Christopher Nolan: The Pros and Cons of a Prestige Filmmaker
An honest assessment of a beloved blockbuster director
Christopher Nolan’s fans—the many, the passionate, the often vociferous—can point to an enviable track record for their champion. He’s arguably this century’s most imaginative mainstream filmmaker, regularly tackling original, epic storylines in a time where innovation means rebooting your branded franchise saga. He’s written or co-written all but one of his 10 features, half of which are brand-new concepts. When he does take on a globally popular franchise, like Batman, he reinvents it to such acclaim that it reshapes the future of the entire superhero genre.
His one literary adaptation, The Prestige, perhaps holds a key to his traditional modus operandi. (Well, second adaptation if you count the Memento screenplay based on brother Jonah’s short story.) That novel’s three-part magic trick structure—Pledge, Turn, and Prestige—seems to exemplify Nolan’s own bait-and-switch approach to genre and narrative, a showman’s flair for spectacle, misdirection and inspiring wonder. Anyone going into his Batman movies expecting primary-coloured superpowers instead got gritty crime epics bathed in moral darkness.

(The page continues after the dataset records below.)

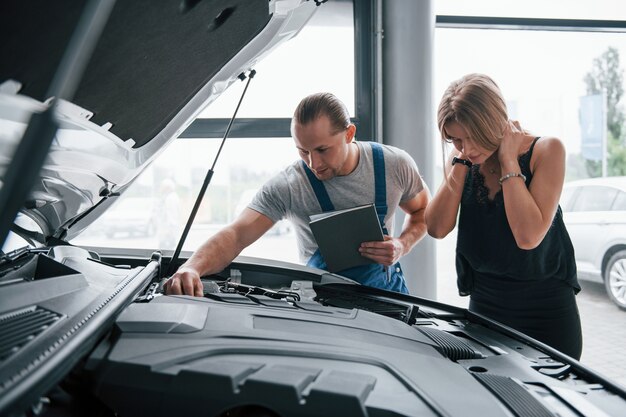 Non ci vorrà molto. Risultati della riparazione. Uomo fiducioso che mostra che tipo di danno è stata presa la sua auto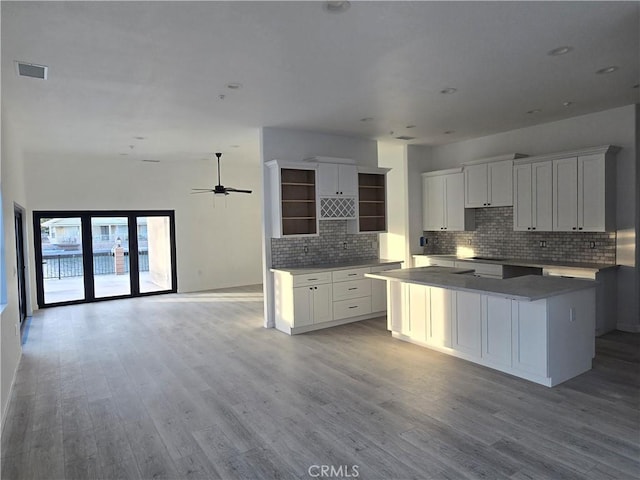 kitchen with tasteful backsplash, white cabinetry, a kitchen island, and light hardwood / wood-style flooring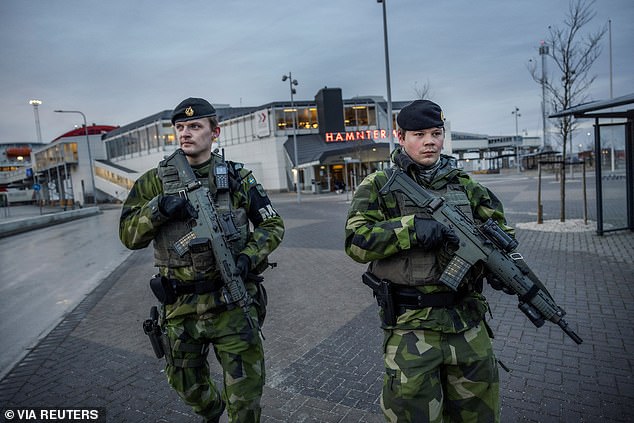 Soldiers from Gotland's regiment patrol Visby harbor amid heightened tensions between NATO and Russia over Ukraine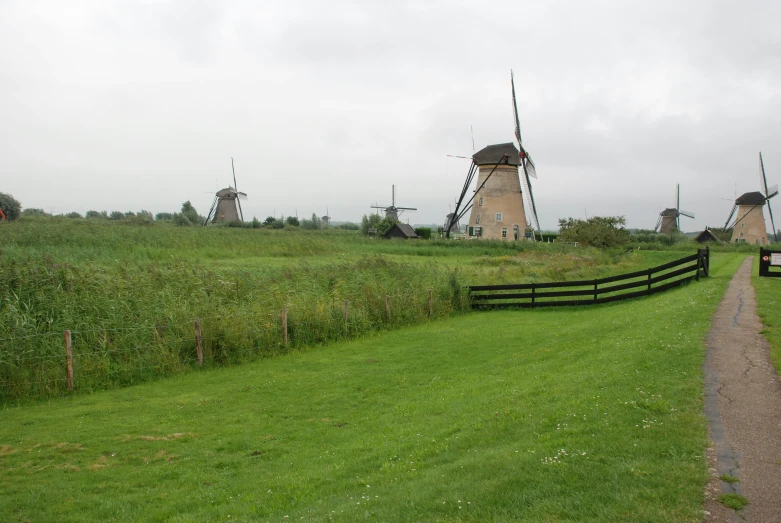 several windmills stand in a field near a road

Interstellar, a sci-fi adventure that suggested a spiritual companion to Stanley Kubrick’s chilly 2001: A Space Odyssey, actually unearthed a monolith to the power of intergalactic parent-child love.
Naturally, this clever, deceptive, but never heartless approach to storytelling has its drawbacks. And though Nolan acolytes would likely defend even the epically convoluted conclusion to The Dark Knight Rises, this video examines both its positive and potentially negative consequences. Still, the very fact that Nolan’s out there attempting so much more than the majority of his contemporaries is admirable.
That his latest film, Dunkirk, demands a different approach altogether shows that Nolan, like all great artists, is capable of learning new tricks.